A beckoning: we may step into the next room.

A chasid thrusts the matzah-laden pole through a small doorway into a large oven of white-glazed bricks and twirls the pole to lay the matzos on the oven floor. Beside them, the fire neither flickers nor licks at the piled logs but rolls up them in earnest. It is 1000-something degrees Fahrenheit, by the thermometer.

The chasid loading the oven thrusts each unloaded pole behind him expertly, not looking, and it sails into a narrow trough, its paper now smoking or, occasionally, afire. Glowing bits of paper fly into the air. If nothing else in this room is inflammable, still it seems as if those sparks would ignite the very clatter of the operation. A worker strips the paper from the pole into a bin and inserts the pole into a pole-twirling machine to wind on fresh paper. On the wall behind him, a machine-operated wheel endlessly unspools paper for this purpose.

The matzos are done – the chasid at the oven flips them, smoking, into a wagon. Another chasid wearing thick gloves arranges them in neat rows. When the wagon is full they will be boxed.

The shift ends – the chasid at the oven passes by and I see that he is wearing two sets of sleeves, one sooty, the other nearly black with his good work.

It could be 200 years ago, it could be a Kacyzne photograph; what happens in this room is not confined to time.

It is time for Mincha – my husband is swept into the crowd of men; the women remove their gloves and collect their rolling pins. The men are in the next room talking to G-d. The paper on the tables is changed. Then boom, boom, like the drums of Tolkien's Moria but o so much nobler, one by one the kneading pins start up again.

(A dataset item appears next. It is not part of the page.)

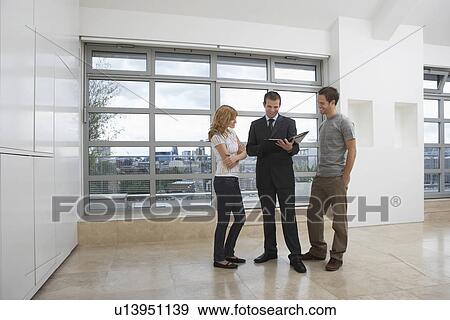 Stock Photo - Real estate agent showing couple new apartment. Fotosearch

A contemporary description of the beis hamikdash flutters into my mind, like one of those glowing bits of paper: an image of the kohanim, or was it the leviim, passing from hand to hand a gold vessel, then a silver, then a gold, then a silver, a dazzling array in perfect synchronization. This matzah bakery is the closest thing to the beis hamikdash that I have ever witnessed.
(OK, the Jewish home is.)

No one rushes. Whistles blow, clocks display the time, the matzos have to be in and out of the oven within 18 minutes of the water hitting the flour – time is absolutely of the essence – but no one rushes. They do good work in good time, lshem matzos mitzvah, they smile, there is a little kibbitzing, anyone is welcome to walk through and watch. The people working are focused with all the powers of human focus. There is no haste.

The instinct to feel at home in this modest but great enterprise is overpowering. I told my husband I want to become hasidic and take up smoking. I don't; I have just fallen in love with a matzah factory. This is a thing exactly as it is meant to be. If you painted that factory, if you cleared the hall corners, if you did your very best to make the place look respectable, let alone beautiful – you could not make it any lovelier than it is already.